Quant à lui, Berlioz est fasciné par le Britannique dès 1827 dont il découvre plusieurs des pièces au Théâtre de l’Odéon. Une Ouverture du Roi Lear voit le jour en 1831, trois pages tirées d’Hamlet surviennent dans la décennie suivante, avant d’être réunies en triptyque en 1851, Much ado about nothing engendre l’opéra Béatrice et Bénédict (1861-62). Les célèbres amants de Vérone n’auront pas droit aux honneurs de la scène, le musicien ayant rêvé tout spécialement pour eux un genre qui n’existait pas et qu’il appellera symphonie dramatique : une œuvre à programme, bien sûr, traversée par les épisodes-clés du drame éponyme, où intervient un texte succinct qui n’est pas chanté par les protagonistes mais en narration distanciée.

De cet objet très spécifique est livré aujourd’hui une interprétation extrêmement concentrée et soigneuse qui tient à la fois du poème symphonique, du ballet et de l’opéra. Daniele Gatti engage un rien trop vite les violons de l’introduction, ce qui engendre d’abord un léger savonnage. Au delà de ce bref désagrément, il plonge d’emblée l’écoute dans une urgence « dramatique » (précisément). S’ingéniant assez tôt à dompter les points de détail, il entre plus dans l’œuvre et nous y invite. Le ton est impératif, l’inflexion ardente, la présence vive. Les cuivres affirment une forme olympique qu’il fait grand complice de la soirée. Préparées par Howard Arman, les voix du Chœur de Radio France révèlent un travail dictionnel remarquable dont Gatti use avec une musicalité incisive. À partir de ce moment, son approche ne se départit plus du soin amoureux de la dynamique, parfois habité d’une relative rigueur, mais toujours efficace.

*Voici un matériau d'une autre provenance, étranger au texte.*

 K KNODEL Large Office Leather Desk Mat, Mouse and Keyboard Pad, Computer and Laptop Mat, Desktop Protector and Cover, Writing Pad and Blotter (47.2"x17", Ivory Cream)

Les trois voix convoquées accusent cependant divers soucis. Le ténor Paolo Fanale est assurément bien chantant [lire notre chronique du 2 mars 2013], mais ne semble guère à son avantage dans cette partie qui le montre tendu, dur même, étroit, quand elle appelle souplesse et clarté. De même le baryton-basse Alex Esposito arbore-t-il l’idéale couleur vocale (le seul des trois à qui Berlioz confie une incarnation, en fait), un fort gracieux phrasé et un moelleux confondant, mais son français n’égale ni son italien ni son allemand [lire notre critique du DVD Die Zauberflöte]. Enfin, on retrouve le jeune mezzo Marianne Crebassa, applaudie maintes fois [lire, entre autre, nos chroniques du 10 août 2014 et du 11 juillet 2012], mais sans le plaisir habituel : le haut-médium se gonfle dangereusement, l’aigu plafonne, le vibrato destabilise la projection ; on en conclut une méforme passagère de l’artiste.

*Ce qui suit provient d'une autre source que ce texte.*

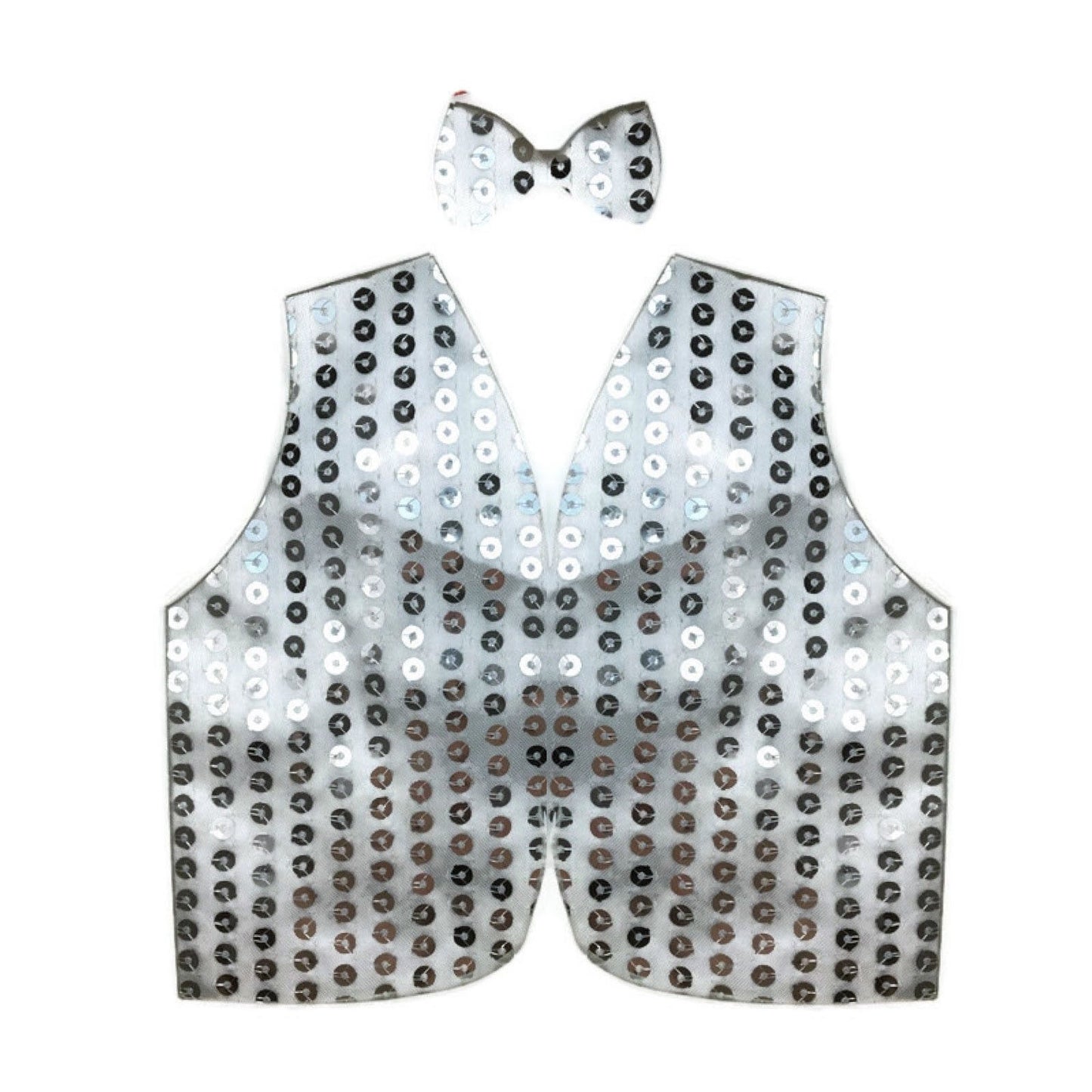 Mens SEQUIN VEST Dance Costume Party Coat Disco Accessory Sparkle Waistcoat - Silver-0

Cela dit, voilà qui ne ternit pas un concert où le chœur fait merveille – recueillement irrésistible de la fin du premier épisode, aus der Ferne du troisième, amère sérénité de la réconciliation finale… Après un chromatisme moins probant qu’il y a quelques jours au Festival Berlioz par le London Symphony Orchestra [lire notre chronique du 30 août 2014], l’emphase du II atteint une lumière radieuse, dignement rehaussée par un solo de hautbois proprement exquis, survolant des triolets dont la stricte exactitude échappe à toute scansion. L’élan du bal gagne un enthousiasme vertigineux, tragique. À peine émettra-t-on une réserve quant au copieux étirement du milieu de la Scène d’amour (III). Comme du bout des doigts s’effectue la ciselure pianississimo du Scherzo, savoureux, laissant s’exprimer les cors dans une chaleur heureuse. Le Convoi funèbre – « d’une beauté austère », affirme Pierre-René Serna [in Berlioz de B à Z, Van de Velde, 2006] – surgit de ces profondeurs même vers lesquelles il avance, doloroso, s’épanouissant en une saisissante déploration. Au théâtre contrasté (cette troublante écriture du silence…) de la sixième séquence succède un final énergique, un rien bruyant d’abord, noblement consolateur ensuite (Serment de réconciliation).

Daniele Gatti aime-t-il Berlioz ? Nous ne le saurions affirmer, mais sommes certains d’aimer Berlioz par Gatti.